_Supplied material:_
Content starts

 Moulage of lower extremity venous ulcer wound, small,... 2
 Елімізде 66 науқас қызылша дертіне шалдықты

Content ends
Content starts

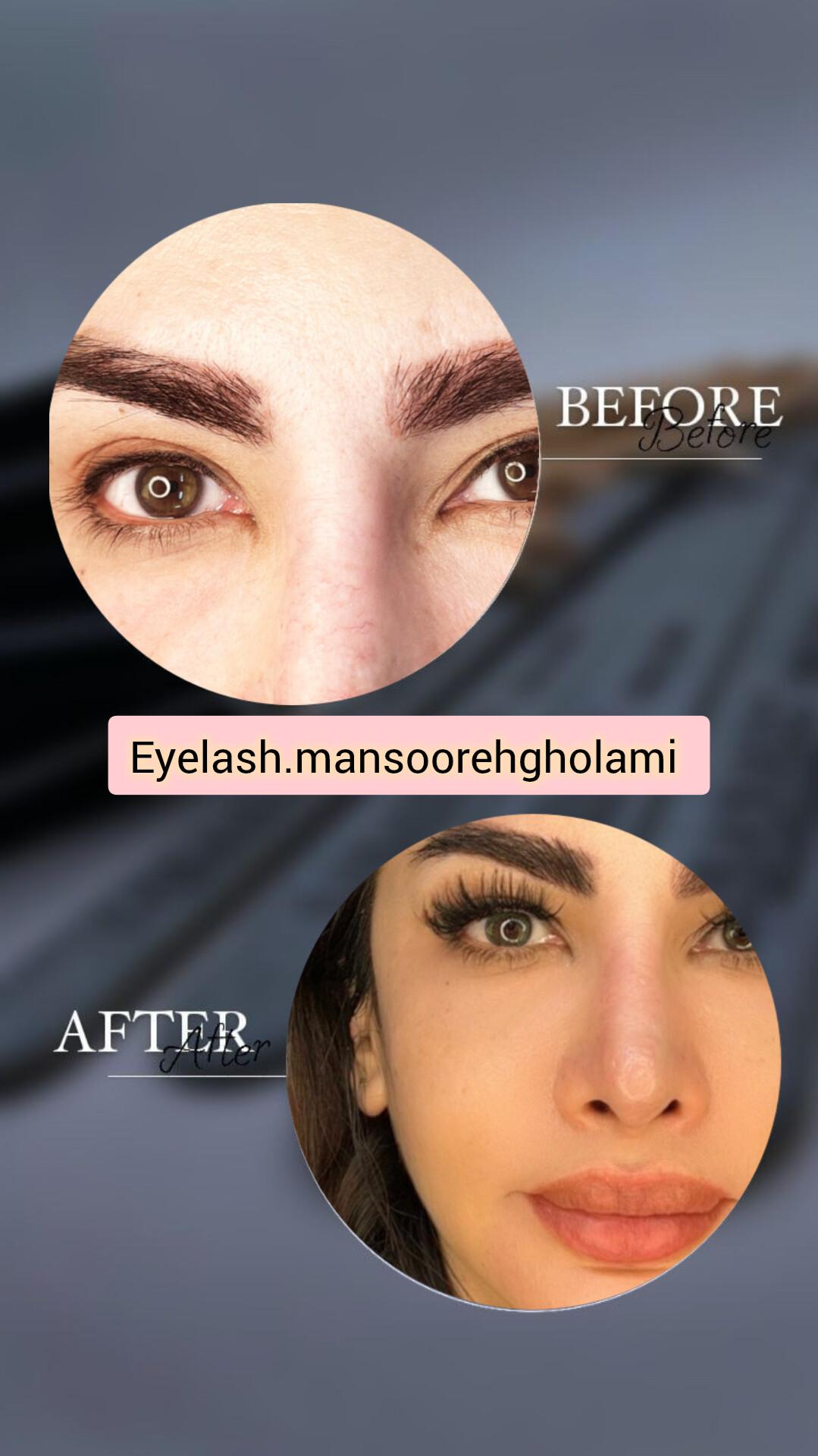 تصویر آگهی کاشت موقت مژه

Content ends

_Task instructions:_ Could you restate word for word the lines above from the one containing "Moulage of lower" through the one containing "Елімізде 66 науқас қызылша дертіне шалдықты", both included, and nothing else?

_Problem solution:_
 Moulage of lower extremity venous ulcer wound, small,... 2
 Елімізде 66 науқас қызылша дертіне шалдықты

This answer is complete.